Dr. Passaretti clarifies that there are some Americans who have indeed received different vaccine products — usually, it's due to an adverse allergic reaction to an mRNA vaccine, or based on supply issues in certain areas where there are issues with access to a wide array of vaccines.
While it hasn't been authorized yet, officials at Johnson & Johnson have reported that their teams are working on a booster dose. However, if you have only just received your first shot of a two-dose mRNA series, current CDC recommendations advise that you should delay your second dose rather than get another dose from a different brand altogether. Experts like Dr. Passaretti have indicated that there haven't been adverse effects reported from people mixing vaccines, albeit the data pool being limited at this time.
Should I ask my doctor about a third dose now?
If you're eligible for an additional Pfizer dose, signing up for another shot can help maintain improved immunity through the upcoming winter flu season.
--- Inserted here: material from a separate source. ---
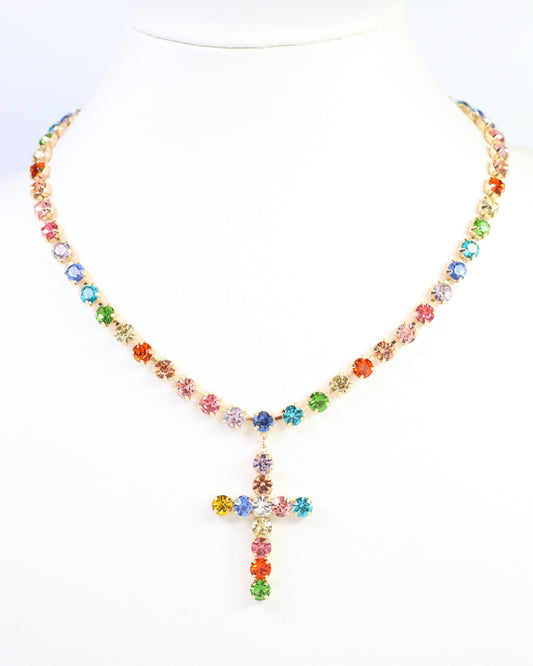 Melinda Crystal Cross Necklace Lavender Multi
If you're eligible based on your demographics, medical background or occupation, discussing the timing of a third dose of the COVID-19 vaccine now is crucial, as your healthcare provider may give you special directions outside of current federal guidelines.
NPR reports that a subset of experts in the medical industry are calling for CDC officials to streamline COVID-19 vaccine booster initiatives for Johnson & Johnson recipients sooner rather than later. The reasoning behind this hinges on CDC-provided data indicating that Jonhson & Johnson vaccines provide stagnant protection against severe COVID-19 disease in all age groups, and immunity rates remain lower compared to Pfizer and Moderna recipients. Infectious disease physicians at the University of California San Francisco health system told NPR they have been administering Pfizer booster shots to Johnson & Johnson vaccinated individuals for more than two months despite guidelines.
Mixing and matching vaccines may become more common, or even standard, in the future. Anthony Fauci, M.D., chief White House medical advisor, has confirmed that the National Institutes of Health have nearly concluded trials with participants who mix vaccine doses from different manufacturers. These medical experts first tested what would happen when Moderna recipients received another brand of vaccine for their booster dose — Dr. Fauci told reporters that results concerning mixed Johnson & Johnson vaccines may be ready within a week as well.
Pfizer's results for the same trial are expected to be available later this month, but the medical community at large believes that FDA officials will be reviewing Moderna data to potentially authorize additional doses before considering mixing and matching.
“As with all things we do, they must be submitted to the FDA for their regulatory approval,” Dr. Fauci said when asked more about mixing and matching vaccines. “So you don’t want to get ahead of the FDA, but at least that’s where the data are right now.”